(Scraped caption text data)
·····
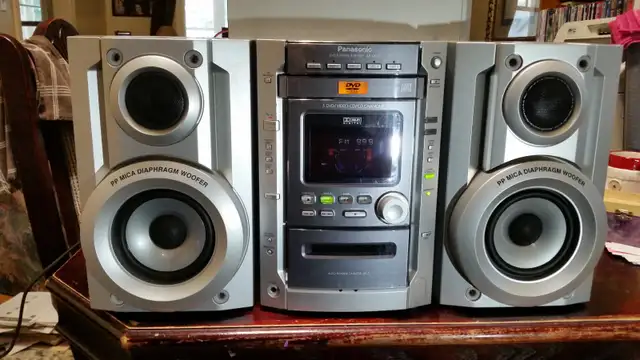 Panasonic 5 DVD/Video CD/CD Changer Stereo System SA-DK20. in Stereo Systems & Home Theatre in Winnipeg - Image 3
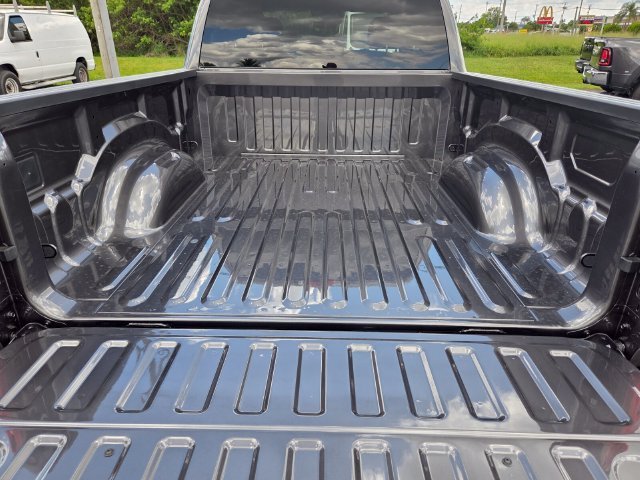 New 2026 Granite Crystal Metallic Clear-Coat Exterior Paint RAM Big Horn image 10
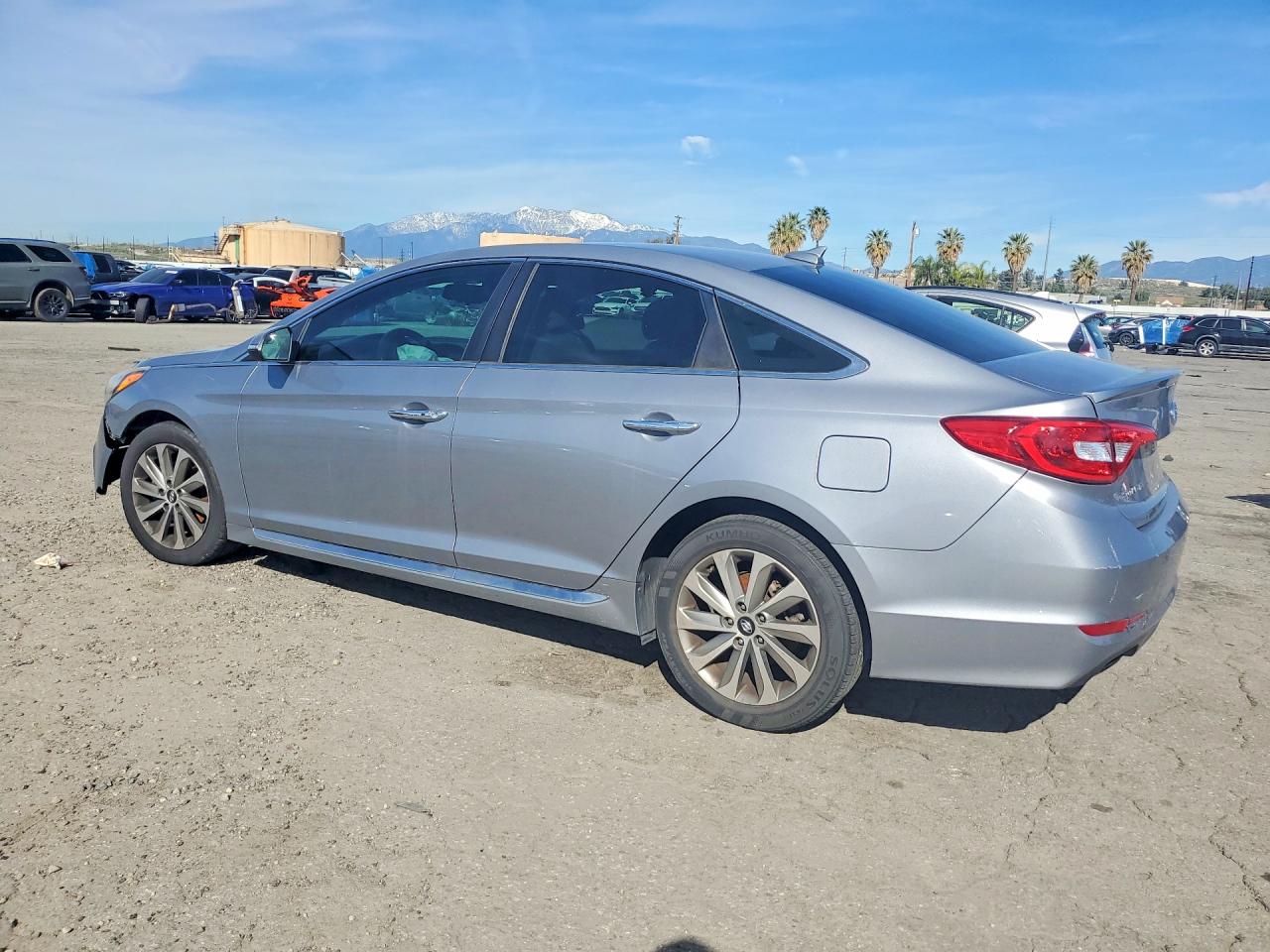 Hyundai SONATA Sport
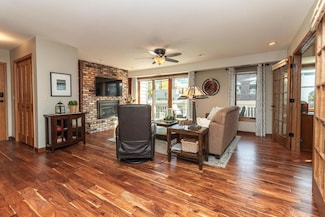4360 France Ave S Unit 2, Edina, MN 55410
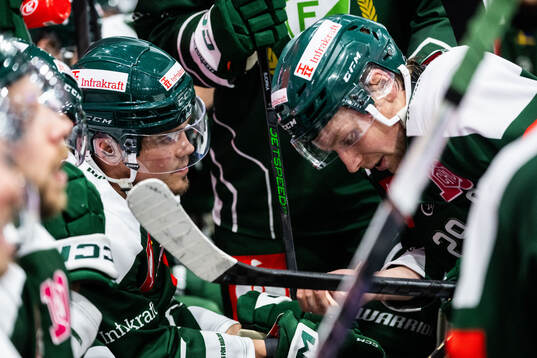 Alexander Ljungkrantz and Oscar Steen of Färjestad look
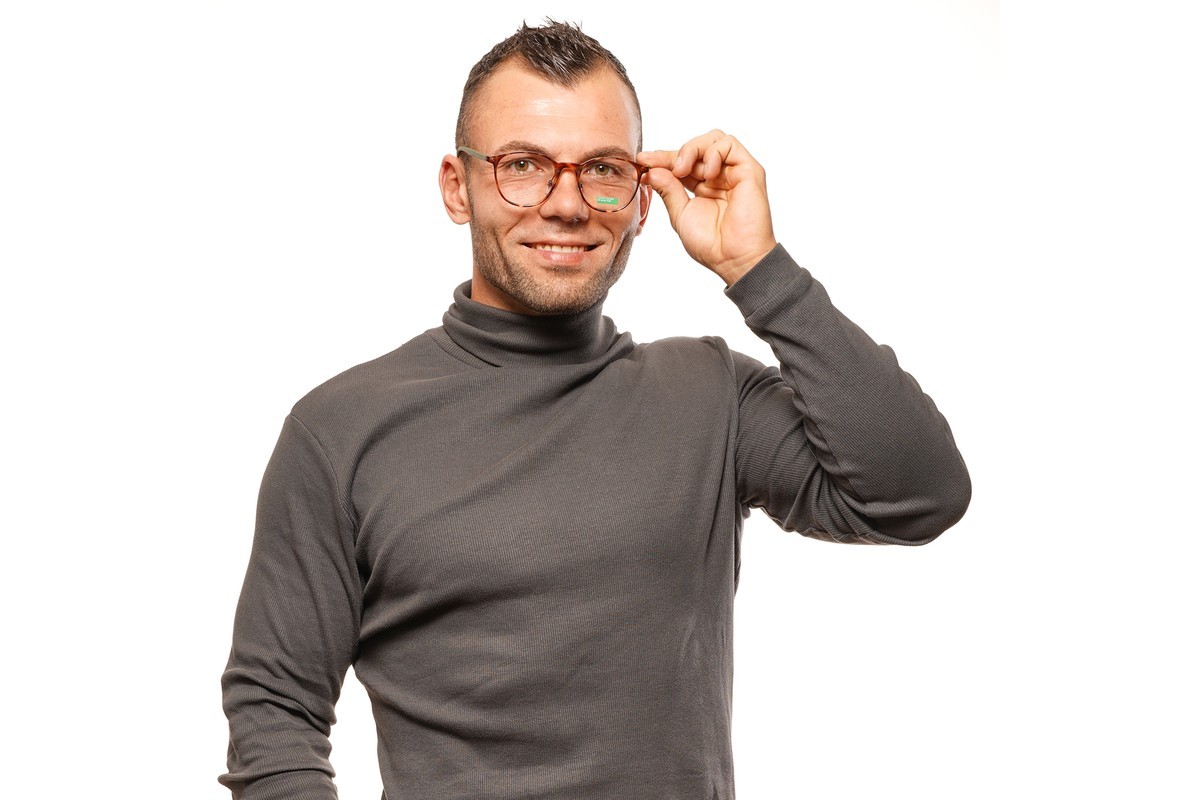 Benetton BEO1010 — Eyeglasses Round - Image 4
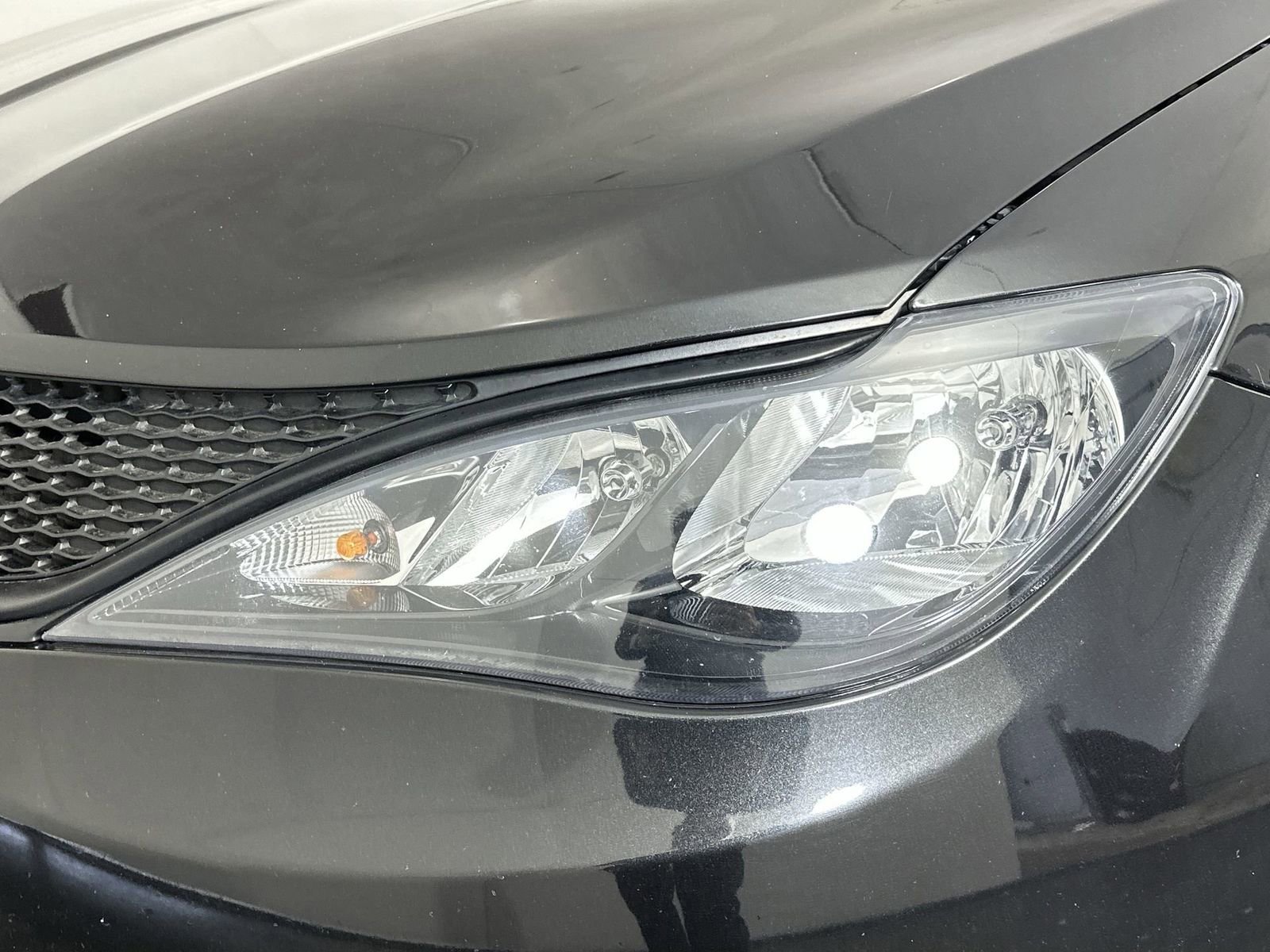 Used 2023 Chrysler Voyager LX image 34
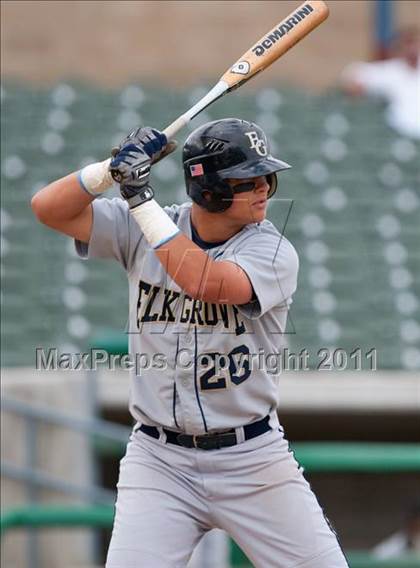 Thumbnail 2 in Elk Grove vs. Lincoln (Banner Island Classic) photogallery.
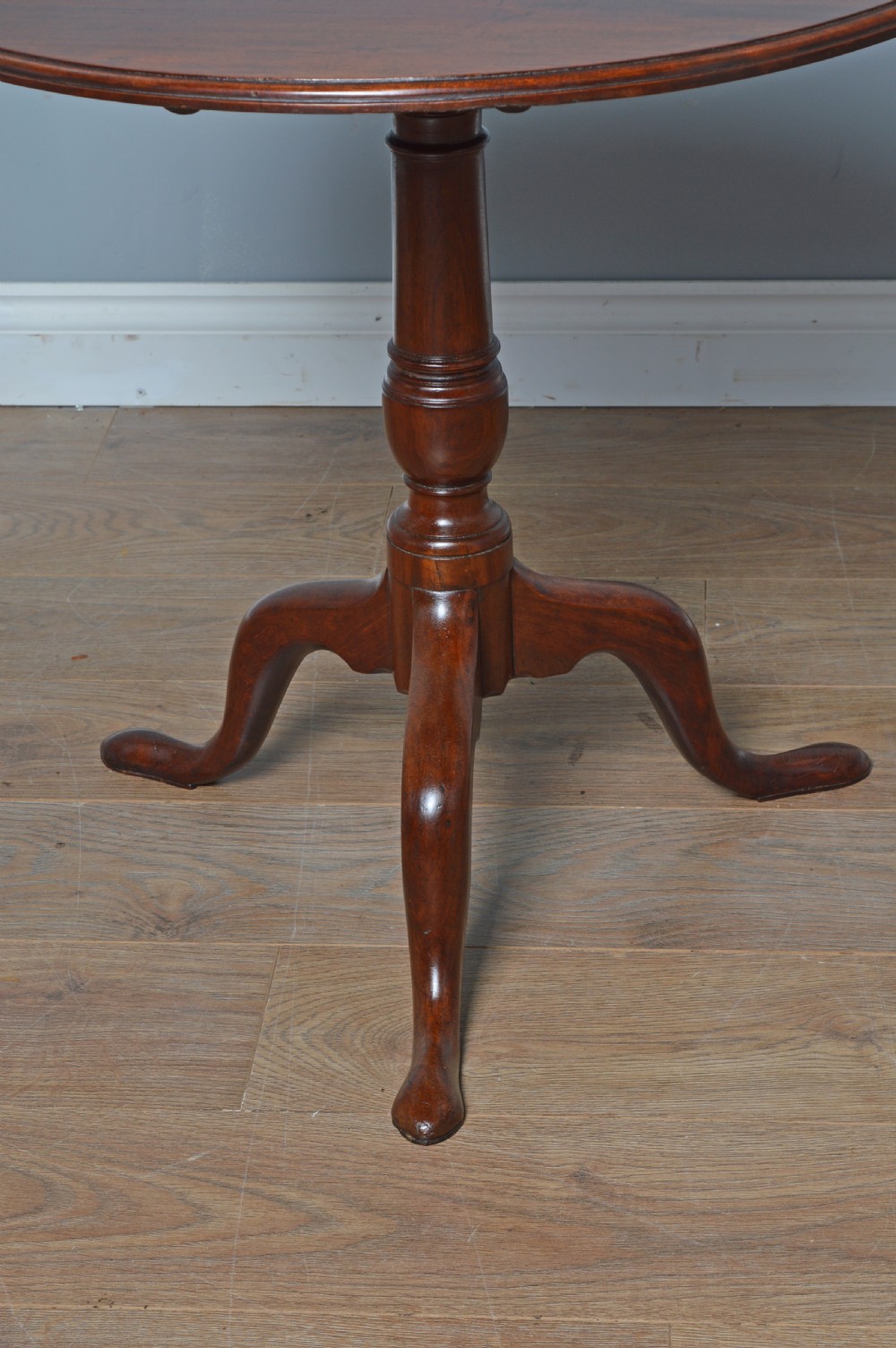 Georgian mahogany wine table  View IV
·····
Task to carry out: A word-for-word copy of the entries above is needed, with every picture dropped.

Result:
 Panasonic 5 DVD/Video CD/CD Changer Stereo System SA-DK20. in Stereo Systems & Home Theatre in Winnipeg - Image 3
 New 2026 Granite Crystal Metallic Clear-Coat Exterior Paint RAM Big Horn image 10
 Hyundai SONATA Sport
4360 France Ave S Unit 2, Edina, MN 55410
 Alexander Ljungkrantz and Oscar Steen of Färjestad look
 Benetton BEO1010 — Eyeglasses Round - Image 4
 Used 2023 Chrysler Voyager LX image 34
 Thumbnail 2 in Elk Grove vs. Lincoln (Banner Island Classic) photogallery.
 Georgian mahogany wine table  View IV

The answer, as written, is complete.